17 março, 2013

Caetano Veloso escreve sobre a eleição de Marco Feliciano


"Será crível que Marco Feliciano tenha sido escolhido presidente da Comissão de Direitos Humanos e Minorias? Na explicação que ele ofereceu aos fiéis da sua igreja, a África é citada várias vezes como “essse país”, o que mostra ignorância a respeito do assunto que tratou com tanta veemência. Nitidamente ele vê a África como um todo unitário. Bem, a maldição dos que, miticamente, foram popular a África já foi usada antes pelos racistas de vários lugares para justificar a escravidão. Feliciano a usa, sem cuidado, para explicar Idi Amin, a Aids, as faminas etc. Uma autoridade responsável por uma comissão de direitos humanos não pode basear suas falas e atitudes em dogmas religiosos. Menos ainda se ele demonstra simplismo grosseiro na interpretação destes.

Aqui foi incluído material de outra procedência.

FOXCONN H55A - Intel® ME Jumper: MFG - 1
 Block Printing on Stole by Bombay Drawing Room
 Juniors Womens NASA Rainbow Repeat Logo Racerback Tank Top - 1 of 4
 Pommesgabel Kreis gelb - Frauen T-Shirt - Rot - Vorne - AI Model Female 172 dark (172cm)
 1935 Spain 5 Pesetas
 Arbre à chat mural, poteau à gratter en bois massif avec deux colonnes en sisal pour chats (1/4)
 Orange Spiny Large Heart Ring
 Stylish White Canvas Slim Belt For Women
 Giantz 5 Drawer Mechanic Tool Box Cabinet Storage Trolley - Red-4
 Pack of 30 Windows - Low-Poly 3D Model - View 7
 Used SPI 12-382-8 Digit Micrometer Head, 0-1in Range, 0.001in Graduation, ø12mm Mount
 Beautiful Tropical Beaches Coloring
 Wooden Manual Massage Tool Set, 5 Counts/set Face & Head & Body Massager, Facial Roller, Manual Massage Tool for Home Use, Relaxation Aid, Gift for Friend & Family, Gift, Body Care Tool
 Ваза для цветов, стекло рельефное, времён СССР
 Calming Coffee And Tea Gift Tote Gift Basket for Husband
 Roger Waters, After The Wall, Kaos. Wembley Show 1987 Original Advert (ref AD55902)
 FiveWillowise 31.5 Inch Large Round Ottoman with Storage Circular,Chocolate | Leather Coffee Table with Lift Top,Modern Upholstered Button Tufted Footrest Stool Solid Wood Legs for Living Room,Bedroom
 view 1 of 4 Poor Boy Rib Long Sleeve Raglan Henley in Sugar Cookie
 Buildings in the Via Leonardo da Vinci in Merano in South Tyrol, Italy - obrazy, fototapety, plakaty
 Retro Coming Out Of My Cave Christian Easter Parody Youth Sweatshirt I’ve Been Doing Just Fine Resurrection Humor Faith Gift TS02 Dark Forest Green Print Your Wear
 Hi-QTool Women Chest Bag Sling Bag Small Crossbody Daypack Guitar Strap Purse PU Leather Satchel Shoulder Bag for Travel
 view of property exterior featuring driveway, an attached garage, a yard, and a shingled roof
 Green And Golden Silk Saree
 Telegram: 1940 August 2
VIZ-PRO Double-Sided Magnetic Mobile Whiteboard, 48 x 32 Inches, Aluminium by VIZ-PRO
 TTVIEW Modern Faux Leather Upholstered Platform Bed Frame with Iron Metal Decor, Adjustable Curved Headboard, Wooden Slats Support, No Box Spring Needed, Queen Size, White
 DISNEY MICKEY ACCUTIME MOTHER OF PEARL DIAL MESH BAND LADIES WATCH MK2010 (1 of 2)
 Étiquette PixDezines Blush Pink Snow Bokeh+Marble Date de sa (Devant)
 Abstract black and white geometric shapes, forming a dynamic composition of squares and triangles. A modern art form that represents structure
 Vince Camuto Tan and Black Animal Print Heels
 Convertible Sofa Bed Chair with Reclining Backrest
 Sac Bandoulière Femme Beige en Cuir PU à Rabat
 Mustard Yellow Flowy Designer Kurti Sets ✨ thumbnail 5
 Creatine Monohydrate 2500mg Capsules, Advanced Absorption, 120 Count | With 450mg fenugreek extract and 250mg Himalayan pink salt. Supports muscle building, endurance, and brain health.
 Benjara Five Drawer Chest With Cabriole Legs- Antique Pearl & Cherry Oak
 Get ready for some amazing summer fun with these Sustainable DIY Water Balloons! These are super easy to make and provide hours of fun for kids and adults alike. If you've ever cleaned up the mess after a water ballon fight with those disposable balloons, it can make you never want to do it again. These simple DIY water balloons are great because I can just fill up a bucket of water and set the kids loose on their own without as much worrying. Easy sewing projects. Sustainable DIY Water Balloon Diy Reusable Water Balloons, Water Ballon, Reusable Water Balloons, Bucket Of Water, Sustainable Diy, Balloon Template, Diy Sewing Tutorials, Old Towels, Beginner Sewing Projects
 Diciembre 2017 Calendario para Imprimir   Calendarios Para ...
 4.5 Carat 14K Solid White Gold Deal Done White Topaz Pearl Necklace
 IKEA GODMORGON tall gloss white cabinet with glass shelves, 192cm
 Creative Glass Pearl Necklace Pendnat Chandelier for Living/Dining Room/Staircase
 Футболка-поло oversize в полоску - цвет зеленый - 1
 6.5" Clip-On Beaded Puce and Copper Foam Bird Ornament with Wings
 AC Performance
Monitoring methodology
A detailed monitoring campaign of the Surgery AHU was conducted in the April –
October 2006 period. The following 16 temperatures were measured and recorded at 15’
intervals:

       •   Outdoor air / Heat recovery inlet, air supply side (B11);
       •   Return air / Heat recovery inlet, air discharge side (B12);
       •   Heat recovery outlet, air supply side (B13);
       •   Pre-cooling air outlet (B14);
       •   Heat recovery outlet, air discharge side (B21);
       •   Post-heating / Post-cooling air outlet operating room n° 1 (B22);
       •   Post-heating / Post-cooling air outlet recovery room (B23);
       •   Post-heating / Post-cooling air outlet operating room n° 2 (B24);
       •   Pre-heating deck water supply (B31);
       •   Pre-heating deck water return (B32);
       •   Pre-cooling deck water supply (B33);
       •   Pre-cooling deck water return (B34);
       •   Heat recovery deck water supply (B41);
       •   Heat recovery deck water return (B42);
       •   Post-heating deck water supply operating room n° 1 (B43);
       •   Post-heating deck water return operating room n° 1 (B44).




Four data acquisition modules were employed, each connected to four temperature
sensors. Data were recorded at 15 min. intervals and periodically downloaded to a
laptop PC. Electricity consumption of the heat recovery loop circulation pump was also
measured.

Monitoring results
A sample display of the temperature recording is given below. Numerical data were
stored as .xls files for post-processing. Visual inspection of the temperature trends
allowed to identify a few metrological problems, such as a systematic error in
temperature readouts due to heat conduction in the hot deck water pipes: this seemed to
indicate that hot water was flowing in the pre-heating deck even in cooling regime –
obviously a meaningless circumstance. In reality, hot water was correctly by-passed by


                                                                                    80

"É difícil admitir que presida uma comissão que supostamente protege as minorias um homem que grita, irado, que se os homossexuais querem fazer “suas porcarias”, que as façam escondidos dentro de seus quartos, em suas casas, nunca se beijando em locais onde suas filhas possam ver “dois homens barbados, de pernas raspadas, aos beijos”. O pleito de casamento gay é um pleito de minoria representada que deve ser estudado por comissões parlamentares que tratem do assunto com calma, lucidez e isenção. Você pode seguir uma fé que determina que os atos homoafetivos são pecado (na verdade, são O PECADÃO, como observou alguém que meditou sobre o assunto, já que é um pecado que, dentre todos, costumava despertar a ira até dos incréus, sendo incomparável com o falso testemunho, a gula ou mesmo a atividade sexual livre entre pessoas de sexos opostos), mas essa maldição religiosa lançada sobre um tema não pode entrar aos berros num grêmio de legisladores que deveria acompanhar o movimento da sociedade auscultando suas forças e tendências. Há religiosos e ateus que odeiam atos homoafetivos e consideram os africanos uns amaldiçoados, mas isso não representa o movimento da sociedade como um todo. As pesquisas na maioria dos países do Ocidente (inclusive o Brasil) não dizem isso. E, mais importante, para além do aspecto democrático dessas auscultações, há de haver princípios de direitos inegociáveis, como é o direito de igualdade de respeito e de oportunidades. É simplesmente grotesco que um religioso que fala em tom tão fanático se eleja presidente de uma comissão que deveria proteger os que têm carência de respeitabilidade e de oportunidades.

(...) Será que o Brasil, além do mini-PIB, terá que passar agora por papagaiadas como essas?"